# 1. Convert Excel File to CSV File

In [3]:
import polars as pl
import glob
import os

# Folder containing excel files
input_folder = r"C:\Users\ekadw\Documents\DATA\Example\csv_to_parquet"
output_folder = r"C:\Users\ekadw\Documents\DATA\Example\csv_to_parquet\excel_to_csv"

# Create output folder if it doesn't exist
os.makedirs(output_folder, exist_ok=True)

# Loop over all excel files
for excel_file in glob.glob(os.path.join(input_folder, "*.xlsx")):
    # Read excel into Polars DataFrame
    df = pl.read_excel(excel_file)
    
    # Build output filename with .csv extension
    base_name = os.path.splitext(os.path.basename(excel_file))[0]
    csv_file = os.path.join(output_folder, f"{base_name}.csv")
    
    # Write to csv
    df.write_csv(csv_file)
    print(f"Converted: {excel_file} -> {csv_file}")


Converted: C:\Users\ekadw\Documents\DATA\Example\csv_to_parquet\april-04.xlsx -> C:\Users\ekadw\Documents\DATA\Example\csv_to_parquet\excel_to_csv\april-04.csv
Converted: C:\Users\ekadw\Documents\DATA\Example\csv_to_parquet\february-02.xlsx -> C:\Users\ekadw\Documents\DATA\Example\csv_to_parquet\excel_to_csv\february-02.csv
Converted: C:\Users\ekadw\Documents\DATA\Example\csv_to_parquet\january-01.xlsx -> C:\Users\ekadw\Documents\DATA\Example\csv_to_parquet\excel_to_csv\january-01.csv
Converted: C:\Users\ekadw\Documents\DATA\Example\csv_to_parquet\march-03.xlsx -> C:\Users\ekadw\Documents\DATA\Example\csv_to_parquet\excel_to_csv\march-03.csv
Converted: C:\Users\ekadw\Documents\DATA\Example\csv_to_parquet\may-05.xlsx -> C:\Users\ekadw\Documents\DATA\Example\csv_to_parquet\excel_to_csv\may-05.csv


# 2. Convert CSV File to Parquet File

In [5]:
# Folder containing CSV files
input_folder = r"C:\Users\ekadw\Documents\DATA\Example\csv_to_parquet\excel_to_csv"
output_folder = r"C:\Users\ekadw\Documents\DATA\Example\csv_to_parquet\csv_to_parquet"

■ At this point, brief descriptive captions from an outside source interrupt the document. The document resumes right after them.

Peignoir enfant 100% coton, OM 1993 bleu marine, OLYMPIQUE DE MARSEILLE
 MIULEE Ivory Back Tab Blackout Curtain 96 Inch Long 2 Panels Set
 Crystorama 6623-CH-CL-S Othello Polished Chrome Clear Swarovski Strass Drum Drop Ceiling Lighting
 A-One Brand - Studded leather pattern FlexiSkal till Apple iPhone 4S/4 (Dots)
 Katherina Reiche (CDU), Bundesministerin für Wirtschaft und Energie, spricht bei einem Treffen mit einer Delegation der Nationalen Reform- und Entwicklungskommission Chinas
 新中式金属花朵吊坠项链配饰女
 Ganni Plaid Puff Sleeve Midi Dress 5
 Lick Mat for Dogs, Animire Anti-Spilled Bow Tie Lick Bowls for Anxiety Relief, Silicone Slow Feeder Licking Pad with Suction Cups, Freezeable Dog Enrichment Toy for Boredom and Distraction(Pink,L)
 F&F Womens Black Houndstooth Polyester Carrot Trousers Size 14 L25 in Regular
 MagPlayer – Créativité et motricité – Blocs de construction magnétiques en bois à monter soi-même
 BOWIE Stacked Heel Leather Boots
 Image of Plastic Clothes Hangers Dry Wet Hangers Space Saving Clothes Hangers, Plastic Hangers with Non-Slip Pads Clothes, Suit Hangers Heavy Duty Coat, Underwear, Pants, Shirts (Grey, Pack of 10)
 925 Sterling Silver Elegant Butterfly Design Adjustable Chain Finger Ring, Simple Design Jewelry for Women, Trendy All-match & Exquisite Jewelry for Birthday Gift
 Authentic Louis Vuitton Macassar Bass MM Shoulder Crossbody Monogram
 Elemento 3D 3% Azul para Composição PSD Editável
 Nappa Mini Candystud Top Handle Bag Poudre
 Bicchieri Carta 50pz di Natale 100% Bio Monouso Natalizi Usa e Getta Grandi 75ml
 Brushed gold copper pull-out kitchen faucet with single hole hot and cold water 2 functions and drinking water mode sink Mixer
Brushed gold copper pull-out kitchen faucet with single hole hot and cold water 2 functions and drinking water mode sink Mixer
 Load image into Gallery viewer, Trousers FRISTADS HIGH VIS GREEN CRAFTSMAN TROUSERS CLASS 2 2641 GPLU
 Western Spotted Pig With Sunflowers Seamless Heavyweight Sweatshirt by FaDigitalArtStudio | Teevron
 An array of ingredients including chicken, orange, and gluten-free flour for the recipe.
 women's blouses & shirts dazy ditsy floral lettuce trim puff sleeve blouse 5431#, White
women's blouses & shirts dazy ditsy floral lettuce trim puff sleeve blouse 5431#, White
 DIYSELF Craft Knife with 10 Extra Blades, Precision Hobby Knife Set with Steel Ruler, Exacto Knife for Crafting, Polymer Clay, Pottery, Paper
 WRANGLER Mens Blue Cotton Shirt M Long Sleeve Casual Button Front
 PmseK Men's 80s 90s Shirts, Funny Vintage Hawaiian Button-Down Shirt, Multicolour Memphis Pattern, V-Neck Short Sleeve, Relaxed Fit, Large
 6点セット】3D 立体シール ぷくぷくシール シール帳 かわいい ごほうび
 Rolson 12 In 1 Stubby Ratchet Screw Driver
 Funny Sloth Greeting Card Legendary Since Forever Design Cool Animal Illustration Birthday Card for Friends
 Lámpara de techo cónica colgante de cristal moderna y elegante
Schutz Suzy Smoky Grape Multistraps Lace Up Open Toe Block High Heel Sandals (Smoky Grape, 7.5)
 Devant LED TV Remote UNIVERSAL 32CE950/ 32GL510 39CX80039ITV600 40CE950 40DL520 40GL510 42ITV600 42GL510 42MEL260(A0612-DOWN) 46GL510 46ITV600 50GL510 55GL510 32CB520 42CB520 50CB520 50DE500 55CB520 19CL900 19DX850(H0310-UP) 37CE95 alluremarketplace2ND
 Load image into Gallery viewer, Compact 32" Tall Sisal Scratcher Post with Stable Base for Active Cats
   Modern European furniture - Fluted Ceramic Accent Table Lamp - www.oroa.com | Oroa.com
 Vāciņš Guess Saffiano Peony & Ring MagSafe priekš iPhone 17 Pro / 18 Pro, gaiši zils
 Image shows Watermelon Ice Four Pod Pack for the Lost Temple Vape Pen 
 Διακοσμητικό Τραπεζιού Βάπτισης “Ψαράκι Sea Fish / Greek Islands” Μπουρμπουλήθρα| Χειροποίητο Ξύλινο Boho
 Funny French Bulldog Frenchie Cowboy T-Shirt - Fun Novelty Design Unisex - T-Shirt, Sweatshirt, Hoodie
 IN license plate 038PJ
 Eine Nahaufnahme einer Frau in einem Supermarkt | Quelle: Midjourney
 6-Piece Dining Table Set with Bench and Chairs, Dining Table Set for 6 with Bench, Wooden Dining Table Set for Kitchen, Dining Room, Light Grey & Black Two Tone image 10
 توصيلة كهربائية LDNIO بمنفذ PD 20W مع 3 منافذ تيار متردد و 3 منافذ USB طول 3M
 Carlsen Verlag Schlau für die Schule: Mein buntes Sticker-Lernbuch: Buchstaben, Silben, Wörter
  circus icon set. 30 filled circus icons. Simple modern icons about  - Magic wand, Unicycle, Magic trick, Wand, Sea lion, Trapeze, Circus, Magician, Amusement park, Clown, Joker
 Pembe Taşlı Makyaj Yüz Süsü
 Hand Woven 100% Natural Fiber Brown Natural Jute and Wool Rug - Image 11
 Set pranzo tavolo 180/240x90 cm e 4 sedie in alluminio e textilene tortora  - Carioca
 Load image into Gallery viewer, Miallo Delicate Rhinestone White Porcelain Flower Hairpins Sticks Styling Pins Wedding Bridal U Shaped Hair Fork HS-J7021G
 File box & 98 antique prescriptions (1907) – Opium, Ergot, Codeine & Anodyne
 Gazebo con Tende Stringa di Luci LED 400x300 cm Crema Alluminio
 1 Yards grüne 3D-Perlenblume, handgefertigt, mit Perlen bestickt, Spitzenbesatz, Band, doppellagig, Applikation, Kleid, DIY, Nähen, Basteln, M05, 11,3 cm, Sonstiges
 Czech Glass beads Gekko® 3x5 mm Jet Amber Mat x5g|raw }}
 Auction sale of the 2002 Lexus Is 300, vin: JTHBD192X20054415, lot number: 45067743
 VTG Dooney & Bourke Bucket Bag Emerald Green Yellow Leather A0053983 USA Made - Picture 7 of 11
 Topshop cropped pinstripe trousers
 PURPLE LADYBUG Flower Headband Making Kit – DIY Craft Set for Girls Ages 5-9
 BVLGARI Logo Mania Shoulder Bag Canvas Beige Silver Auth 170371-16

# Create output folder if it doesn't exist
os.makedirs(output_folder, exist_ok=True)

# Loop over all CSV files
for csv_file in glob.glob(os.path.join(input_folder, "*.csv")):
    # Read CSV into Polars DataFrame
    df = pl.read_csv(csv_file)
    
    # Build output filename with .parquet extension
    base_name = os.path.splitext(os.path.basename(csv_file))[0]
    parquet_file = os.path.join(output_folder, f"{base_name}.parquet")
    
    # Write to parquet
    df.write_parquet(parquet_file)
    print(f"Converted: {csv_file} -> {parquet_file}")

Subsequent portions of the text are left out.